Ah, Paris. The city of love and food and books. Abundant with literary cafés and penniless poets. Home of Le Procope, the city’s oldest restaurant still trading, founded in 1686, where Voltaire is supposed to have drunk forty cups of coffee a day.

Also home to Bar Hemingway, at the Ritz Paris Hotel. So called because, when the Nazis surrendered their control over the city on 25 August 1944, Ernest Hemingway was nearby, working as a war correspondent, and was desperate to ‘officially’ liberate somewhere. There are many different accounts of this – one being that he was late because he’d been too busy filling his car with champagne – but the one I like best has it that Hemingway arrived at the hotel, ran up on to the roof and fired a round of shots into the sky, before haring back down to the bar. Declaring the hotel liberated from the Nazis, he then ordered fifty martinis to be shared out amongst the guests. Apparently the martinis weren’t that great: the barman couldn’t be located, and they had to mix the drinks themselves.

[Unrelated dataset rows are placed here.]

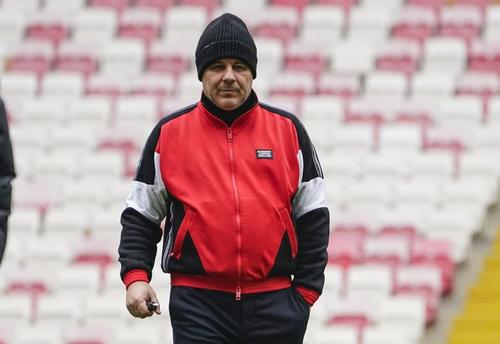 Marius Șumudică, la meciul de ieri, 2-2 cu Sivas Foto: Twitter Gaziantep
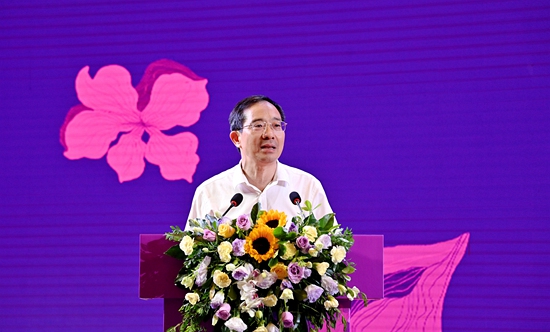 校友会中山分会举行30周年庆祝活动王斌伟书记出席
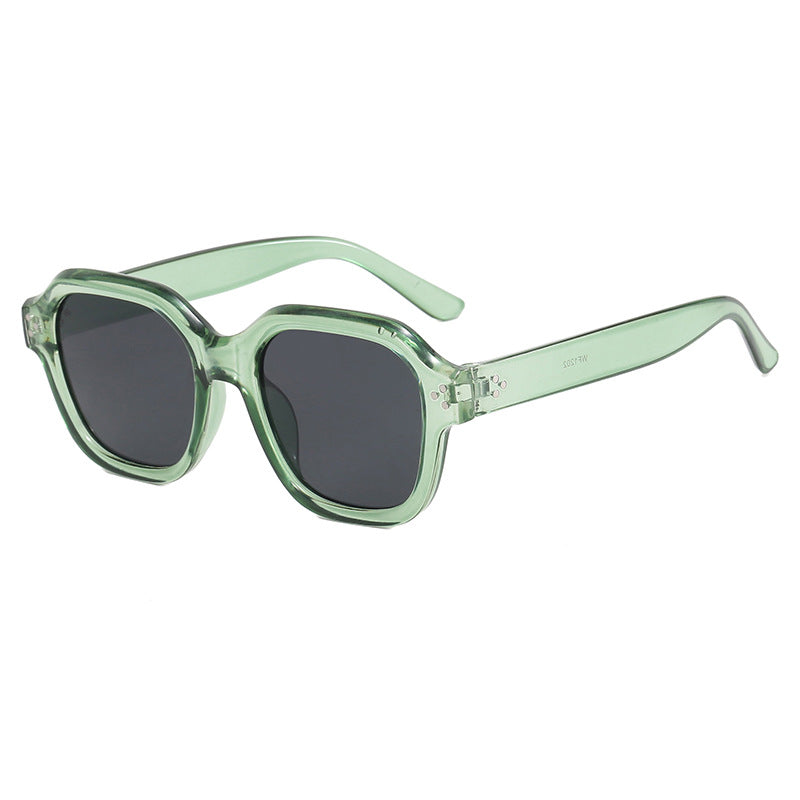 Dame moteriktig firkantet solbrille med speilende glass Skanto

All along the right bank of the river Seine, from Pont Marie to the Quai du Louvre, and on the left bank from the Quai de la Tournelle to Quai Voltaire, you can find the Bouquinistes. These are second-hand and antiquarian bookselling stalls which were set up by travelling pedlars in the sixteenth century. In the next century the pedlars were driven out of the city and made to re-apply for their stalls, to ensure they met censorship regulations. Strict rules of this sort didn’t go away: in 1810 Napoleon made all booksellers apply for a licence to trade. They had to hand in four morality references, to be certified by their local mayor, to prove they weren’t planning to sell rebellious publications.

These days France still has the equivalent of the UK’s old Net Book Agreement, meaning that discounting new books is banned – bar a 5% discount for students – and its current Culture Minister, Aurélie Filippetti, is determined to help bookshops thrive. On my most recent visit to Paris in 2013 there were at least twenty bookshops scattered around our hotel, and it was lucky for my bank balance that most of these only stocked books in French. A particularly lovely bookshop is Le Monte en l’Air, which serves as bookshop, café and gallery. The Abbey Bookstore, at the other end of the scale, is a second-hand English bookshop so full of books I wonder if it isn’t breaking the laws of physics. To my amazement, I discovered that there are bookshelves behind its bookshelves: the bookcases on the wall slide sideways, like French windows, revealing layers of books beneath.

My favourite place of all, though, is Shakespeare and Company.

In 1917 an American woman called Sylvia Beach came to Paris to study French literature. She stumbled across La Maison des Amis des Livres, a bookshop run by Adrienne Monnier, a French poet and publisher who was one of the first women in France to open her own bookshop. As was common in those days, Adrienne also ran a subscription library out of her shop, which Sylvia joined. The two became great friends and were later in a relationship, living together for over thirty years.

Adrienne inspired Sylvia to open her own bookshop, which she called Shakespeare and Company. Initially it was tiny, but in May 1921 it moved to 12 rue de l’Odéon, opposite Adrienne’s bookshop, where it flourished. Sylvia’s main aim was to make her bookshop a space for writers to come and congregate, and come they did. Authors such as Ernest Hemingway, T.S. Eliot, Ezra Pound and F. Scott Fitzgerald were regulars, and James Joyce even used the bookshop as his office. Sylvia became Joyce’s secretary, editor and publisher, printing Ulysses when English and American publishers had refused to on grounds of obscenity.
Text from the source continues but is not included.